Thursday, 13 July 2017

(NST) Sales fall despite more launches

PENANG suffered last year. While launches more than doubled, sales fell significantly. Most of the units sold were priced less than RM1 million each.

According to the Malaysian Property Market Report 2016, released by the Valuation and Property Services Department two months ago, developers launched a total of 52,713 houses last year, but only managed to sell 16,532 units, or 31.4 per cent.

In contrast, 58,411 houses were put in the market in 2015 and developers were able to sell 42.1 per cent, or 24,588 units.

Penang reported the worst sales performance of newly-launched homes last year. Developers sold 9.9 per cent, or 561 units of the total 5,646 units put up for sale.

This was a big drop from 2015 when developers sold nearly half (48.2 per cent), or 1,131 units, of the 2,348 units launched that year.

“Developers are looking at innovative ways to sell their properties but sales are not moving as expected. Its either they build and sell less, or reduce their selling prices,” said a property consultant.

He said, if you plan to buy a residential property in Penang, whether it is an apartment, terrace house, semi-detached home or bungalow, do your homework first.

“You should always evaluate the property and the surroundings. Don’t depend on the developer’s talk as their plan is to sell to you.

“There is currently a lot of demand in the secondary market, but in selective areas the properties are all below RM1 million.
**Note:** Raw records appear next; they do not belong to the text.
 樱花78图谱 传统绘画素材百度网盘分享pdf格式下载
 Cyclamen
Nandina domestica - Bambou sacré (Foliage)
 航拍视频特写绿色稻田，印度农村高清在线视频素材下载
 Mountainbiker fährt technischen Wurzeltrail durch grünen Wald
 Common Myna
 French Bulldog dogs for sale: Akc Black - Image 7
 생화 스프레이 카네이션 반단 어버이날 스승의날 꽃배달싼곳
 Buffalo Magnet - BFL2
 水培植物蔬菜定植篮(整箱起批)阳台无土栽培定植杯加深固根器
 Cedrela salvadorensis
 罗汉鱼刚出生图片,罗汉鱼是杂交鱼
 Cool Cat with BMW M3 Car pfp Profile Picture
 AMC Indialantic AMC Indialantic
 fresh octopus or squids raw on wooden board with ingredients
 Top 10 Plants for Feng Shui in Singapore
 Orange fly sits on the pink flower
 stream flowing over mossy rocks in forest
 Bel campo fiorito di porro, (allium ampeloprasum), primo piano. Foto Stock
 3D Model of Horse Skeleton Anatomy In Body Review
There is interest in George Town, Batu Kawan and Batu Ferringi, for example.

“Property purchasers prefer buying from the secondary market rather than from developers as the waiting period to get the key is shorter and they are buying in a mature area,” he said.

He said first-time home buyers, should look out for PR1MA projects as well as properties in areas like Bayan Baru, Batu Kawan, Jelutong, Gelugor and Batu Ferringhi.

“Properties priced between RM300,000 and RM800,000 have good take-up rate. Some developers are making a smart move by building smaller properties, so they are more affordable for first-time home buyers and those seeking to upgrade.”

Back to the Napic report, it showed that Malaysia’s stock of unsold residential units (completed, under construction and not constructed) stood at 90,491 units as at end of last year.

Majority of the units, or 64,077 to be exact, are in various stages of construction while work on 11,622 units has not commenced.

Johor leads with the most unsold units (16,341), followed by Selangor (14,509), Penang (12,933) and Kuala Lumpur (9,188).

Of the total unsold residential units (90,491), 14,792 have been completed with a combined value of RM8.56 billion and around 30 per cent worth RM2.56 billion were contributed by Johor, which also had the highest number of completed but unsold homes totalling 3,671 units.

In Penang, 1,896 units were completed and the unsold value was RM1.47 billion. A total of 8,119 units are under construction with another 2,918 units not built yet.